The importance of SPARC in bones increases the potential of SPARC in managing the bed rest-induced atrophy since immobilization also leads to bone loss. Indeed, SPARC is important for bone formation, remodeling and regeneration [90]. Sparc KO mice develop osteopenia [92], decreased bone formation [93]. SPARC deficiency also affects bone marrow stromal function [94]. In addition, SPARC also plays roles in bone remodeling [95] and osteoblast maturation [67]. It also regulates hydroxyapatite crystals formation and growth [96] and influence osteogenic differentiation [97]. Furthermore, the implication of SPARC in other locomotor system constituents (such as ligaments [98,99] and tendons [100,101]) would make that treating with SPARC would not only improve muscle phenotype but could also have positive effects on the whole locomotion system. Therefore, SPARC administration might contribute to the maintenance of the musculoskeletal system responsible for the individual mobility during hospitalization and recovery periods. It is worth highlighting that increased SPARC expression has been reported in negative biological status such as metabolic disorders [102], rheumatoid arthritis [70], cancer [103], coronary artery disease [104] and intracranial aneurysms [105]. We have hypothesized that such expression would not indicate the involvement of SPARC in the pathogenesis or prognosis but rather represents an attempt to counteract the effects generated by such pathologies or disorders via the beneficial SPARC-mediated effects. Examples of SPARC counteracting inflammation [88] and cancer [87,106] would be two illustrations of such “regulatory feedback”.
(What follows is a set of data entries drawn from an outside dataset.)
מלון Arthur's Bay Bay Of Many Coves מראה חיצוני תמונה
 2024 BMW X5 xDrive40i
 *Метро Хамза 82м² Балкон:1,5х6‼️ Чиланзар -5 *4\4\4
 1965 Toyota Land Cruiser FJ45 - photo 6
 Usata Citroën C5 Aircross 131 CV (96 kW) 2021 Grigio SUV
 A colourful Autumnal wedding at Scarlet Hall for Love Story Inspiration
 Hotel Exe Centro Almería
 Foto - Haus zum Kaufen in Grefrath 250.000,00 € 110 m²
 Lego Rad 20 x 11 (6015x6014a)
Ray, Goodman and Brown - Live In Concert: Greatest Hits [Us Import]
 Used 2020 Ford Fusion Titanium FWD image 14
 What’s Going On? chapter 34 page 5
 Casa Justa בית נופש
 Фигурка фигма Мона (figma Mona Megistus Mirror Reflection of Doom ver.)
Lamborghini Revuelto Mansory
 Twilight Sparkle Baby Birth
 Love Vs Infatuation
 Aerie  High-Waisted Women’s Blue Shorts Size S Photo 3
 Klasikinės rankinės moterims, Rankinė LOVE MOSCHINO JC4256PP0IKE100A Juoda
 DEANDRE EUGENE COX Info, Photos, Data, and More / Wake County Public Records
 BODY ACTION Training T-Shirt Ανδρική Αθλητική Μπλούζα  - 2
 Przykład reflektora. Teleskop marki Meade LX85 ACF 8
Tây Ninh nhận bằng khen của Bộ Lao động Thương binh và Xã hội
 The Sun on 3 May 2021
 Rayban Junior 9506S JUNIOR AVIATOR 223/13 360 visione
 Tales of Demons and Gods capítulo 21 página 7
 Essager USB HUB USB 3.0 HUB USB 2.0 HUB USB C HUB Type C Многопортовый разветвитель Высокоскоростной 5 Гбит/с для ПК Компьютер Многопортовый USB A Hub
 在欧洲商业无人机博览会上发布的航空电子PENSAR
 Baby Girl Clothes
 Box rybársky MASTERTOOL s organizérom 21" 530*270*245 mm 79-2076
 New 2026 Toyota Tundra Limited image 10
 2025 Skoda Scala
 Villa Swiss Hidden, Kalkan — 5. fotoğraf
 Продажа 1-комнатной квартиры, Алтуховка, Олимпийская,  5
Such approach can also be extended to those chronically bedridden, with physical disability or even space missions (microgravity environment) [107] as summarized in Figure 1. Evidence suggests that Sparc decline contributes to the muscle atrophy, ageing and the resulting phenotypes, whereas its overexpression induced by exercise would be a mechanism via which exercise corrects and improves muscle atrophy and ageing. Therefore, we suggested measuring exercise-induced SPARC/SPARC/Sparc expression as a molecular tool to optimize exercise therapy towards a personalized medicine [108] and also using SPARC as a potential “exercise substitute” [109]. Such measure could be applied to immobilized patients during a potential pre-training session aiming to counteract muscle atrophy. We believe that further animal and clinical studies could lead to a new generation of molecular therapies for muscle atrophy based on SPARC and permit the overcoming of this challenging atrophy resulting from hospitalization, immobility and ageing. The best option, when available, is to rather focus on exercise-induced SPARC as a possible treatment and we emphasize that further studies are needed to further map the mechanistic links between exercise, the exercise-induced myokines (including SPARC) and the exercise induced effects.

Figure 1

Secreted Protein Acidic and Rich in Cysteine (SPARC/SPARC) as a muscle atrophy therapy. Situations such as hospitalization, physical disability or being bedridden represent an immobilization that might lead to muscle atrophy. Ageing (usually accompanied with a sedentary lifestyle) is another risk factor for the muscle atrophy. SPARC properties of enhancing muscles mass, strength and metabolism are towards counteracting muscle atrophy and highlight SPARC/SPARC (protein administration or gene therapy) as a molecular therapy for muscle atrophy.